It’s the middle of September. I’m back into the routine of school. Always school.
The last few weeks have been a blur. I teach in Altoona early on Tuesdays and Thursdays. So I’m up at about five to get my run in and be on campus in time for class. I’m out at the bus stop by 7:20 to stand with my son Solomon on Monday, Wednesday, and Friday. School, as it always seems to do in September, dictates my morning routine.
This iteration of school in September has been particularly busy. Solomon is off to kindergarten. My wife Katie took a trip to Minnesota for a wedding. I gave a guest lecture in a Critical Media class at Penn State about affirmational critique. I facilitated a faculty improv workshop with the other founders of Happy Valley Improv. Performed in a couple of improv shows. We even went to Pittsburgh to perform in an improv festival. I got another literacy education class at Penn State Altoona off the ground. I’m co-editing a journal, planning my fall conference travel, and participating in all sorts of academic research projects. Writing projects. These past few weeks have marked quite a transition from a lazy August. September, for me, has always signaled an adjustment. This year does feel different, though.
I’m growing more confident in my work as a scholar. Finding and facilitating intersections between improvisation and pedagogy continues to prove satisfying. Both in my practice as a performer or a teacher as well as in my writing. The research projects I’m working on seem significant. Recent work with colleagues has allowed me to see how so many of the philanthropic, for-profit forces in education are strategically anti-improvisational and anti-democratic. I’m beginning to understand how much of my frustration as a classroom teacher was born out of systematic attempts to script, dehumanize, and commoditize what happens in schools across the country and, frankly, the globe. Certainly, these instrumentalized trends in education worry me as an educator. But they worry me as a parent too. So much of what Solomon and Samson become will be dictated by schools. As a professor, I’m in a position to think more deeply about schooling and speak into discourses of teaching and learning on behalf of vitality through my creative and academic work. I’m thankful for that.
Teaching high school was a blast. And it was meaningful. But it was also a grind that offered little opportunity to reflect on or critique what the institution of school was asking of me. What it was compelling me to do in my classrooms. And certainly, as a student, I had little to no input on what was happening around me. If teachers and students don’t have mandate in schools, who does? Seeking out the answer to that question in recent work has left me more skeptical than ever. There are people and forces that benefit from imposing particular initiatives in school. And by benefit I mean profit. Teacher assessment, high-stakes testing, diversity programs – so many of these programs that define what counts as legitimate in school – are born out of selfish desires to turn a profit or affirm the status quo. For over a hundred years, scholars have been adamant that public school in a democracy needs to be protected from the vested interest of the powerful or elite. I worry that schools in this country and around the world haven’t come close to living up to that mission.

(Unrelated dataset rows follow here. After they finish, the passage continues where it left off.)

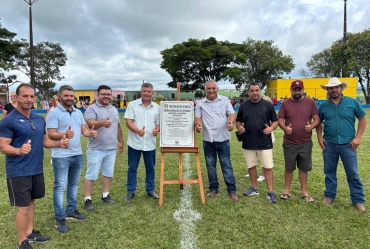 Prefeitura de Sarutaiá reinaugura Estádio Hamud Cassim com festa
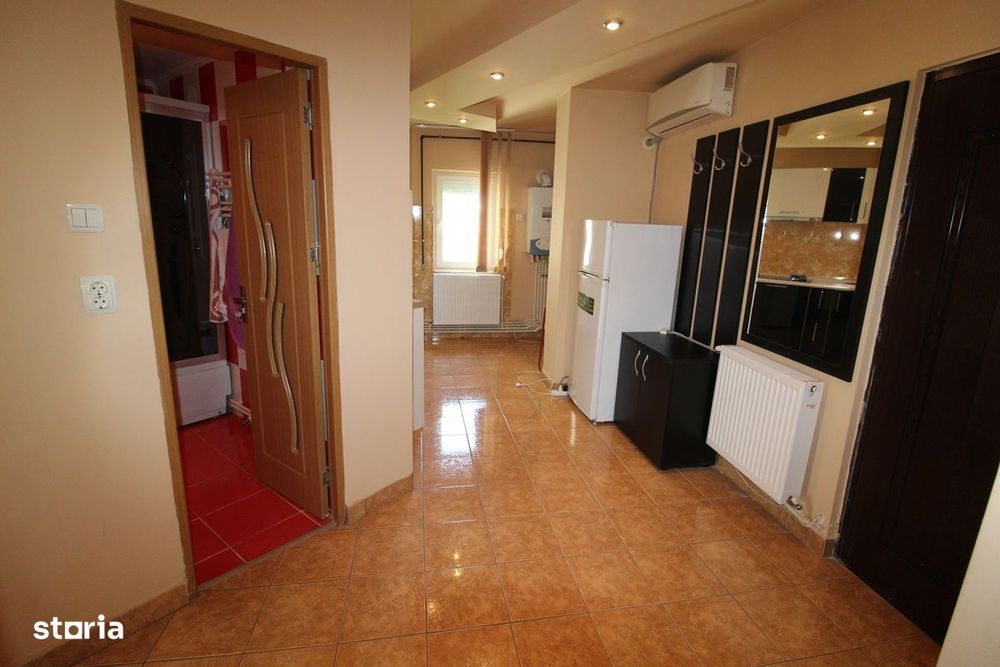 Vând apartament 2 camere în Hunedoara, zona Micro5-Bd. Dacia, et. 3...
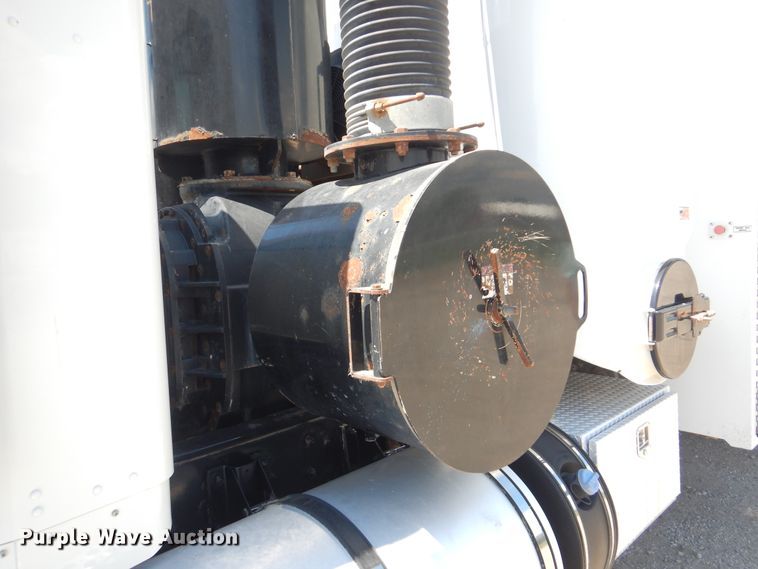 image for item GM9097 2013 Kenworth T800  vacuum truck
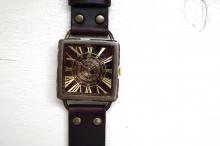 クラックワールドスクエア　Lサイズ　真鍮　ワインブラウン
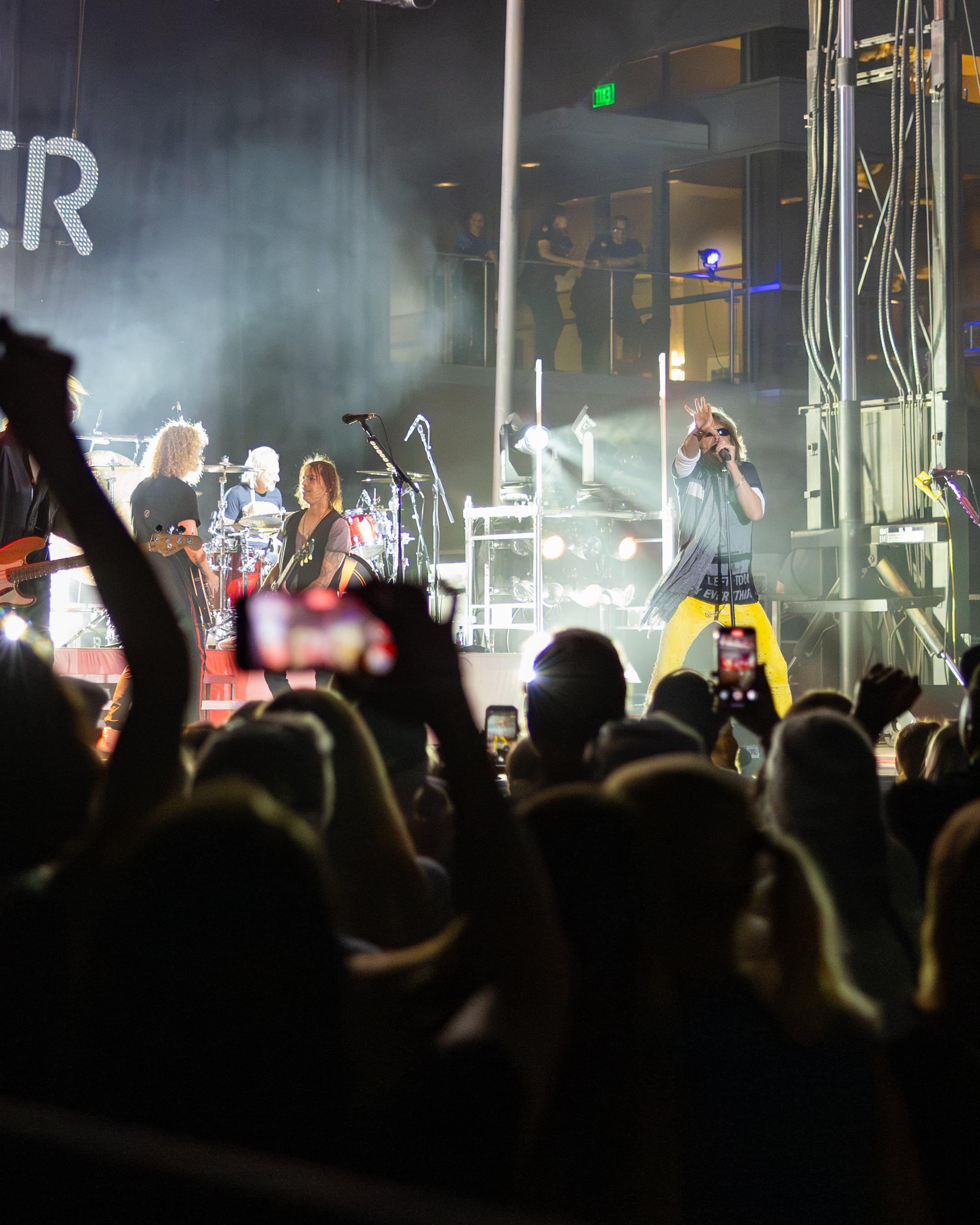 2160X2700 Foreigner 2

The ability to engage in a democratic exchange for the good of the group seems like a skill most people in the United States lack. And school doesn’t seem to help much. The obsession in schools with producing students who are college-ready or prepared to enter the job-place neglects what to me is a primary mission of schools in a democratic society – promoting the ability for an empowered group of people to meaningfully participate in their communities. Certainly, the powerful and privileged would resit this view of school. A citizenry able to connect with each other and dictate policy for the betterment of the group is bad for business. It is not good for the group for a small percent – infinitesimal, really – to hold all the wealth in a society, all the power. It’s bad for people. So the wealthy usually support initiatives, sometimes with the most genuine of intentions, that script, dehumanize, and commoditize school. Render the population harmless. This is happening globally. The rich and powerful are an increasingly small group.
So I’m a few weeks into more school. I’m about seventeen years into my career as an educator. And I have about twenty years as a student under my belt. That’s lots of school. But I keep at it. And it certainly isn’t for the paycheck. You should see my bank account. It’s not pretty. But the work I’m doing continues to feed me. It feels important, and I’m growing more courageous that the things I have to say have some value. I’m grateful to have the opportunity do such work. Albeit tired.
One thing about being in school remains very much the same. I love a lazy Sunday, sitting on my couch, watching the Minnesota Vikings in my underwear. Soak in that image, if you like. It’s a habit that was born in my childhood and remains with me now. Heavenly.